(Beginning of PROVIDED RECORDS)

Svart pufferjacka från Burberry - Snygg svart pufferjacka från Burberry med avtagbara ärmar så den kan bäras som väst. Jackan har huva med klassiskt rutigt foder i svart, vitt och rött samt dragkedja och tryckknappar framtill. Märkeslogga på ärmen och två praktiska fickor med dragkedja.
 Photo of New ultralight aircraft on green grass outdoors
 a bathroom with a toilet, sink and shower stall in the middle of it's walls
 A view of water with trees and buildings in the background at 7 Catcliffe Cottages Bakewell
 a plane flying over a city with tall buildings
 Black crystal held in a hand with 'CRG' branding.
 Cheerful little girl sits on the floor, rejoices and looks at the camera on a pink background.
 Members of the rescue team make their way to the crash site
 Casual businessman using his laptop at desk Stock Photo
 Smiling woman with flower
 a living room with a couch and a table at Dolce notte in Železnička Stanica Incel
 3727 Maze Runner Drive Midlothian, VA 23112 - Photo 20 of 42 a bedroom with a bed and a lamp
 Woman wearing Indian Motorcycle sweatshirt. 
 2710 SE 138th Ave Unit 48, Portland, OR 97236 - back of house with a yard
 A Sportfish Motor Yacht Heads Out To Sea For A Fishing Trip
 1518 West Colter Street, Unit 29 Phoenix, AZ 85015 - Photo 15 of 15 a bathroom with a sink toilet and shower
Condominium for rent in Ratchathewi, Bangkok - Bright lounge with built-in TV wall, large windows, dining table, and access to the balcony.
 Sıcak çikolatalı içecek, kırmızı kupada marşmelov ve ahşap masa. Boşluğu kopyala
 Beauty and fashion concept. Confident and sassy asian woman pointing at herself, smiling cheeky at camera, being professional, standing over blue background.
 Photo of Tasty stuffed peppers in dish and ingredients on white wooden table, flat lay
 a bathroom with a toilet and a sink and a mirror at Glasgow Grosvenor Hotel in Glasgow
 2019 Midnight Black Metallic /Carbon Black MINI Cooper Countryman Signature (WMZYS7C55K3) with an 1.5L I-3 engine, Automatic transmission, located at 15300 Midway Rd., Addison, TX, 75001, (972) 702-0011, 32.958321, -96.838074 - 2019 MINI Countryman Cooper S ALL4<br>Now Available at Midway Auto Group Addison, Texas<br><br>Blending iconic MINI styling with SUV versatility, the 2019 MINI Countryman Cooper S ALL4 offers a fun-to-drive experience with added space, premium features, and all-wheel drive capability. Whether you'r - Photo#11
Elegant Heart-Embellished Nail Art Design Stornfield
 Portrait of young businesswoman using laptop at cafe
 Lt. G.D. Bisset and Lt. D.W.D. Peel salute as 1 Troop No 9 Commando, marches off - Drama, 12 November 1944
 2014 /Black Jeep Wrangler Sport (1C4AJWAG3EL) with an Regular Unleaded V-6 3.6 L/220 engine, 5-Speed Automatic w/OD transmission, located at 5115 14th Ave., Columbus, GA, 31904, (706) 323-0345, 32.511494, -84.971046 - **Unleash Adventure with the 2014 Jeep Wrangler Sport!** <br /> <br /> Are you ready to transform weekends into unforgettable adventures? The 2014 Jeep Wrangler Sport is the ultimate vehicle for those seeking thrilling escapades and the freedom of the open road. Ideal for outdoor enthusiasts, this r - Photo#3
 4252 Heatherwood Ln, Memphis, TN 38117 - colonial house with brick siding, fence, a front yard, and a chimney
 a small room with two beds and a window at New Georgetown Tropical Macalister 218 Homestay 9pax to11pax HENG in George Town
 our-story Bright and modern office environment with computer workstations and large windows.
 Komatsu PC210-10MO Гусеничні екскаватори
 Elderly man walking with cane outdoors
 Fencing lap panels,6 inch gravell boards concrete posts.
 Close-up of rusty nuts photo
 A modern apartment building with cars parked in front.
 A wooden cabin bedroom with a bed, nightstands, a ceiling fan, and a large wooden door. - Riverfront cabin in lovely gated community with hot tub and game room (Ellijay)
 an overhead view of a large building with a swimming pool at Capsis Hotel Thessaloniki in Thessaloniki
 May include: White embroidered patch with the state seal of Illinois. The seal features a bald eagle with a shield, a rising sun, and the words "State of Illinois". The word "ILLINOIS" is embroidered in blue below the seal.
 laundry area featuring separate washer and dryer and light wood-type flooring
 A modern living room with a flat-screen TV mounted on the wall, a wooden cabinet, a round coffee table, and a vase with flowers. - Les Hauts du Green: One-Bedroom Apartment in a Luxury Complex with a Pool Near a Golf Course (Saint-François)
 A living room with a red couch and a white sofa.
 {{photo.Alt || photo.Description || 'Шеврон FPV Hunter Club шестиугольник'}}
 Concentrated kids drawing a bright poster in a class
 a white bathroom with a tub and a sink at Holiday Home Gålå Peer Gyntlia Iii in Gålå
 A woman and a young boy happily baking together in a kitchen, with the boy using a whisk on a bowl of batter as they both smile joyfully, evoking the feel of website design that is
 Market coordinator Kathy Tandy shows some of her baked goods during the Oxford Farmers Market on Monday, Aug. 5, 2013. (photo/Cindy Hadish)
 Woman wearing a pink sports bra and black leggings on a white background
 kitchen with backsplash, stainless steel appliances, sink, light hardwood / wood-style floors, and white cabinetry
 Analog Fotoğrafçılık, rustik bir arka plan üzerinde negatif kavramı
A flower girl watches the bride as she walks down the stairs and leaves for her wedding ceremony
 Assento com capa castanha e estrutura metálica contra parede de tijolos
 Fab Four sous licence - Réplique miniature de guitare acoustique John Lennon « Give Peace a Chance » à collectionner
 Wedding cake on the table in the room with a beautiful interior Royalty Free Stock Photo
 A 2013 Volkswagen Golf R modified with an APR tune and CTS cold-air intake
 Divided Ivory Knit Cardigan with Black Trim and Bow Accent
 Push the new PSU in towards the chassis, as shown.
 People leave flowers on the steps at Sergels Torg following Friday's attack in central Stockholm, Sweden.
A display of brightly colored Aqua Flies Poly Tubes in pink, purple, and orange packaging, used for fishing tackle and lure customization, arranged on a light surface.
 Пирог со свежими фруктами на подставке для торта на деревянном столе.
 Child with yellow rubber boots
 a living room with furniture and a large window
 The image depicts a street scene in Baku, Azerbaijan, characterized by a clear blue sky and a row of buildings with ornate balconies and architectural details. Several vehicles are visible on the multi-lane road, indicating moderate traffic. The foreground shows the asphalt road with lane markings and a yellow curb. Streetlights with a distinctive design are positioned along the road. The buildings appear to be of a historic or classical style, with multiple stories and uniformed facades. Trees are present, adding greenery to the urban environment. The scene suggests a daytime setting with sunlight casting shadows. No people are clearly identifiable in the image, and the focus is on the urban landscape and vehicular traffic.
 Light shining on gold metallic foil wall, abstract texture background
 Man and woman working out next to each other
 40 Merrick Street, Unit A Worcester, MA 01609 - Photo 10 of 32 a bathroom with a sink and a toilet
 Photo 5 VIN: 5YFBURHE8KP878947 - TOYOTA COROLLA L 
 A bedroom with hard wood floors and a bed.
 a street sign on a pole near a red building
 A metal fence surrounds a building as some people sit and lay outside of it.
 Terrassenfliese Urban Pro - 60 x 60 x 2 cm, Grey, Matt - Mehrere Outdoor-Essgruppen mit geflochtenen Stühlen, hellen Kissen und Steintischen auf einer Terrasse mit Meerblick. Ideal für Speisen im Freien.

(End of PROVIDED RECORDS)

TO DO: Copy each entry exactly.

ANSWER TO THIS PROBLEM:
Svart pufferjacka från Burberry - Snygg svart pufferjacka från Burberry med avtagbara ärmar så den kan bäras som väst. Jackan har huva med klassiskt rutigt foder i svart, vitt och rött samt dragkedja och tryckknappar framtill. Märkeslogga på ärmen och två praktiska fickor med dragkedja.
 Photo of New ultralight aircraft on green grass outdoors
 a bathroom with a toilet, sink and shower stall in the middle of it's walls
 A view of water with trees and buildings in the background at 7 Catcliffe Cottages Bakewell
 a plane flying over a city with tall buildings
 Black crystal held in a hand with 'CRG' branding.
 Cheerful little girl sits on the floor, rejoices and looks at the camera on a pink background.
 Members of the rescue team make their way to the crash site
 Casual businessman using his laptop at desk Stock Photo
 Smiling woman with flower
 a living room with a couch and a table at Dolce notte in Železnička Stanica Incel
 3727 Maze Runner Drive Midlothian, VA 23112 - Photo 20 of 42 a bedroom with a bed and a lamp
 Woman wearing Indian Motorcycle sweatshirt. 
 2710 SE 138th Ave Unit 48, Portland, OR 97236 - back of house with a yard
 A Sportfish Motor Yacht Heads Out To Sea For A Fishing Trip
 1518 West Colter Street, Unit 29 Phoenix, AZ 85015 - Photo 15 of 15 a bathroom with a sink toilet and shower
Condominium for rent in Ratchathewi, Bangkok - Bright lounge with built-in TV wall, large windows, dining table, and access to the balcony.
 Sıcak çikolatalı içecek, kırmızı kupada marşmelov ve ahşap masa. Boşluğu kopyala
 Beauty and fashion concept. Confident and sassy asian woman pointing at herself, smiling cheeky at camera, being professional, standing over blue background.
 Photo of Tasty stuffed peppers in dish and ingredients on white wooden table, flat lay
 a bathroom with a toilet and a sink and a mirror at Glasgow Grosvenor Hotel in Glasgow
 2019 Midnight Black Metallic /Carbon Black MINI Cooper Countryman Signature (WMZYS7C55K3) with an 1.5L I-3 engine, Automatic transmission, located at 15300 Midway Rd., Addison, TX, 75001, (972) 702-0011, 32.958321, -96.838074 - 2019 MINI Countryman Cooper S ALL4<br>Now Available at Midway Auto Group Addison, Texas<br><br>Blending iconic MINI styling with SUV versatility, the 2019 MINI Countryman Cooper S ALL4 offers a fun-to-drive experience with added space, premium features, and all-wheel drive capability. Whether you'r - Photo#11
Elegant Heart-Embellished Nail Art Design Stornfield
 Portrait of young businesswoman using laptop at cafe
 Lt. G.D. Bisset and Lt. D.W.D. Peel salute as 1 Troop No 9 Commando, marches off - Drama, 12 November 1944
 2014 /Black Jeep Wrangler Sport (1C4AJWAG3EL) with an Regular Unleaded V-6 3.6 L/220 engine, 5-Speed Automatic w/OD transmission, located at 5115 14th Ave., Columbus, GA, 31904, (706) 323-0345, 32.511494, -84.971046 - **Unleash Adventure with the 2014 Jeep Wrangler Sport!** <br /> <br /> Are you ready to transform weekends into unforgettable adventures? The 2014 Jeep Wrangler Sport is the ultimate vehicle for those seeking thrilling escapades and the freedom of the open road. Ideal for outdoor enthusiasts, this r - Photo#3
 4252 Heatherwood Ln, Memphis, TN 38117 - colonial house with brick siding, fence, a front yard, and a chimney
 a small room with two beds and a window at New Georgetown Tropical Macalister 218 Homestay 9pax to11pax HENG in George Town
 our-story Bright and modern office environment with computer workstations and large windows.
 Komatsu PC210-10MO Гусеничні екскаватори
 Elderly man walking with cane outdoors
 Fencing lap panels,6 inch gravell boards concrete posts.
 Close-up of rusty nuts photo
 A modern apartment building with cars parked in front.
 A wooden cabin bedroom with a bed, nightstands, a ceiling fan, and a large wooden door. - Riverfront cabin in lovely gated community with hot tub and game room (Ellijay)
 an overhead view of a large building with a swimming pool at Capsis Hotel Thessaloniki in Thessaloniki
 May include: White embroidered patch with the state seal of Illinois. The seal features a bald eagle with a shield, a rising sun, and the words "State of Illinois". The word "ILLINOIS" is embroidered in blue below the seal.
 laundry area featuring separate washer and dryer and light wood-type flooring
 A modern living room with a flat-screen TV mounted on the wall, a wooden cabinet, a round coffee table, and a vase with flowers. - Les Hauts du Green: One-Bedroom Apartment in a Luxury Complex with a Pool Near a Golf Course (Saint-François)
 A living room with a red couch and a white sofa.
 {{photo.Alt || photo.Description || 'Шеврон FPV Hunter Club шестиугольник'}}
 Concentrated kids drawing a bright poster in a class
 a white bathroom with a tub and a sink at Holiday Home Gålå Peer Gyntlia Iii in Gålå
 A woman and a young boy happily baking together in a kitchen, with the boy using a whisk on a bowl of batter as they both smile joyfully, evoking the feel of website design that is
 Market coordinator Kathy Tandy shows some of her baked goods during the Oxford Farmers Market on Monday, Aug. 5, 2013. (photo/Cindy Hadish)
 Woman wearing a pink sports bra and black leggings on a white background
 kitchen with backsplash, stainless steel appliances, sink, light hardwood / wood-style floors, and white cabinetry
 Analog Fotoğrafçılık, rustik bir arka plan üzerinde negatif kavramı
A flower girl watches the bride as she walks down the stairs and leaves for her wedding ceremony
 Assento com capa castanha e estrutura metálica contra parede de tijolos
 Fab Four sous licence - Réplique miniature de guitare acoustique John Lennon « Give Peace a Chance » à collectionner
 Wedding cake on the table in the room with a beautiful interior Royalty Free Stock Photo
 A 2013 Volkswagen Golf R modified with an APR tune and CTS cold-air intake
 Divided Ivory Knit Cardigan with Black Trim and Bow Accent
 Push the new PSU in towards the chassis, as shown.
 People leave flowers on the steps at Sergels Torg following Friday's attack in central Stockholm, Sweden.
A display of brightly colored Aqua Flies Poly Tubes in pink, purple, and orange packaging, used for fishing tackle and lure customization, arranged on a light surface.
 Пирог со свежими фруктами на подставке для торта на деревянном столе.
 Child with yellow rubber boots
 a living room with furniture and a large window
 The image depicts a street scene in Baku, Azerbaijan, characterized by a clear blue sky and a row of buildings with ornate balconies and architectural details. Several vehicles are visible on the multi-lane road, indicating moderate traffic. The foreground shows the asphalt road with lane markings and a yellow curb. Streetlights with a distinctive design are positioned along the road. The buildings appear to be of a historic or classical style, with multiple stories and uniformed facades. Trees are present, adding greenery to the urban environment. The scene suggests a daytime setting with sunlight casting shadows. No people are clearly identifiable in the image, and the focus is on the urban landscape and vehicular traffic.
 Light shining on gold metallic foil wall, abstract texture background
 Man and woman working out next to each other
 40 Merrick Street, Unit A Worcester, MA 01609 - Photo 10 of 32 a bathroom with a sink and a toilet
 Photo 5 VIN: 5YFBURHE8KP878947 - TOYOTA COROLLA L 
 A bedroom with hard wood floors and a bed.
 a street sign on a pole near a red building
 A metal fence surrounds a building as some people sit and lay outside of it.
 Terrassenfliese Urban Pro - 60 x 60 x 2 cm, Grey, Matt - Mehrere Outdoor-Essgruppen mit geflochtenen Stühlen, hellen Kissen und Steintischen auf einer Terrasse mit Meerblick. Ideal für Speisen im Freien.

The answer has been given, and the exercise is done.